Thoughts on Free Amazon Web Services

Last week, Amazon announced that we could all get some free AWS if we signed up for a new account. Just what do you get for signing up? Take a look.

What you get with the AWS Free Usage Bundle

The First Catch

First off, this is only free for the first 12 months. After that you’re going to have to pay as you go. In a way, this is like Microsoft’s BizSpark, but in the clouds. You get to ride a long for free, for a while. After that while, you’re going to have to pony up some money to keep riding. Nobody said it was free forever.

The Second Catch

Let’s say you start out with your free AWS account and you build an application to help manage your yarn collection. You write some code and you’re happily trucking along. One day you decide to share the link with a few friends who are also really into knitting. The next thing you know, everyone is using your yarn tracking website. This is great, right? It is great… until the bill shows up. The free AWS only lasts for 12 months. Or until you exceed your service levels. Whichever comes first. Unless you have definite plans to monetize your service, you will need to carefully monitor your application load.

What Do You Really Get?

So what are you really getting for free? We all know that nothing is free, so what makes Amazon’s deal noteworthy?

The Server

You get a virtualized server with 613MB of memory. That barely sounds like enough to power your microwave, but in the world of Linux servers, that may be more than enough for your website. Even if it isn’t enough horsepower for your production application, it’s enough to develop in a realistic environment and deploy to your first round of beta users.

The Load Balancer

Once you’ve got more than a few users, you might need to move beyond that tiny 613MB server. Or you might shard your application out. Or you could use it to help you manage your fault tolerance. There are a lot of reasons to use a load balancer. Amazon has been thinking of you and you get 750 hours of their load balancing service free. Per month. 750 hours is 31.25 days. You can’t use all the free that you get. It’s just that free. There is a limit on the amount of free traffic that the load balancer will handle, but that should encourage you to keep your apps lean and mean, right?

Storage

Free storage! 10GB of Amazon Elastic Block Storage sounds like 10GB of free something or another that I don’t know about. Reading the documentation doesn’t clear this up. Basically, you get free magical storage that you can format however you want and attach wherever you want in your Amazon virtual server farm. You can even take point in time snapshots of these storage devices so you can revert your storage to a known good state. That’s pretty cool, eh? Try getting your SAN administrator to let you do that.
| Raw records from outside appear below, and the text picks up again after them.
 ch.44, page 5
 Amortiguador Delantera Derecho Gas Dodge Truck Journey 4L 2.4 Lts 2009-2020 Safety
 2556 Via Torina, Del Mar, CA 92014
More free storage! Five gigs of Amazon S3 is a lot of S3 storage. I use S3 to host large files that I don’t want to upload through WordPress – video, PDFs, and presentations. It’s a great way to add a lot of hosting to your free or cheap hosting account. Likewise, it’s a great way to add storage to your free AWS instances and remove some load from your virtual server. On the down side, it does look like you’re going to pay for the traffic that your readers consume. But, hey, you already counted on that, right? Even more free storage! 1GB of SimpleDB storage! SimpleDB is a distributed database with a few limitations. Despite the limitations, it’s a sold platform for developing web-based/cloud applications. You can access the database from just about anywhere and it should be available as long as Amazon’s servers are up and running. And you had better believe that Amazon is going to stay up and running.

Bandwidth

Surprise! You get 30GB of free traffic a month. Well, 15GB up and 15GB down. But it’s sort of the same. I think. Maybe? The point is that you get some free bandwidth. Bandwidth can get pricey which makes any amount of free bandwidth a good thing.
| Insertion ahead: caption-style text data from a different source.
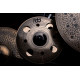 Meinl - PAC-12STK 3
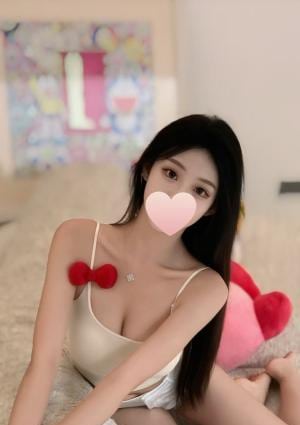 HoneyGirl（ハニーガール） さとみちゃん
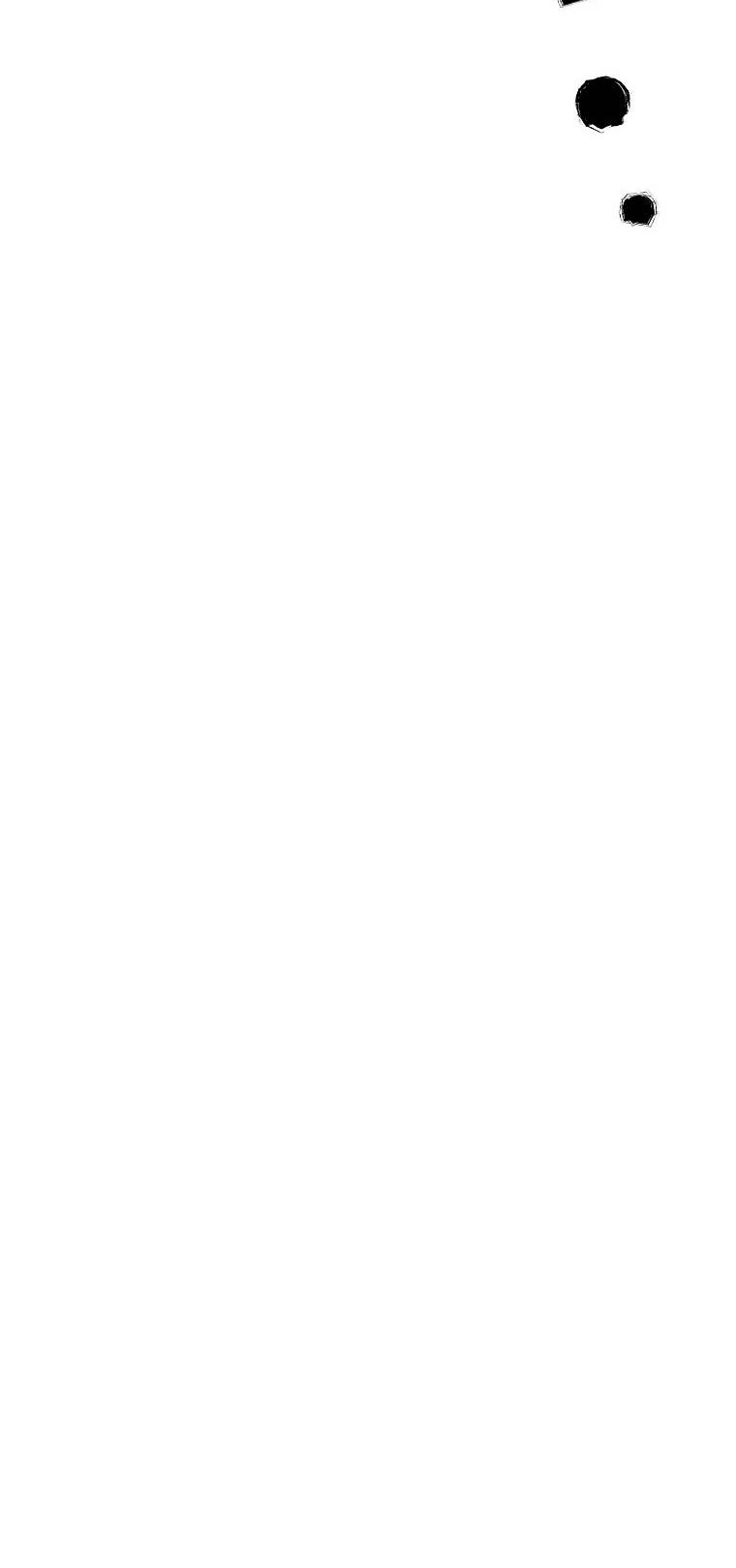 Murim Login - Chapter 79 - Page 5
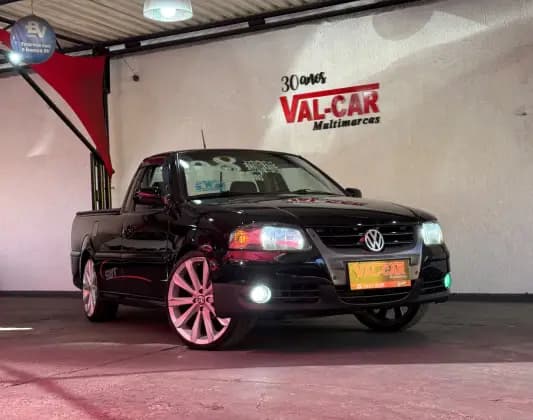 Carro 1.8 MI SUPER SURF CS 8V FLEX 2P MANUAL G.IV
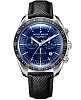 Швейцарские часы Jacques Philippe Nobilis JPQGC431131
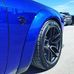 Jerry Ulm Dodge Chrysler Jeep - Facebook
Implications For Your Design

With a hard cap of 15GB on your traffic, you’ll want to make sure that you’re using images that are as compressed as possible, minified CSS and JavaScript, clean HTML source code, and lean protocols. You’ll want to be careful in development and make sure that you’re only pulling back the data that you need and nothing more, and that you make as few round trips to the server as possible. Of course, you were doing all of this before, right?

Putting it All Together

The free tier of AWS is a good introduction to working with AWS. It provides more than just a simple virtual machine, it provides an entire infrastructure to get you started. You can rapidly build out from a single to server to a large number of servers and still use most of these free services. If you don’t need something, you’re not going to pay for it. This is a lot cheaper of an option than buying your own hardware or trying to work within the confines of a hosting provider. This is your own virtual hardware to develop with as you please. One more thing – Amazon may stop accepting new people into the magical free AWS tier at any moment. Act now, supplies are limited.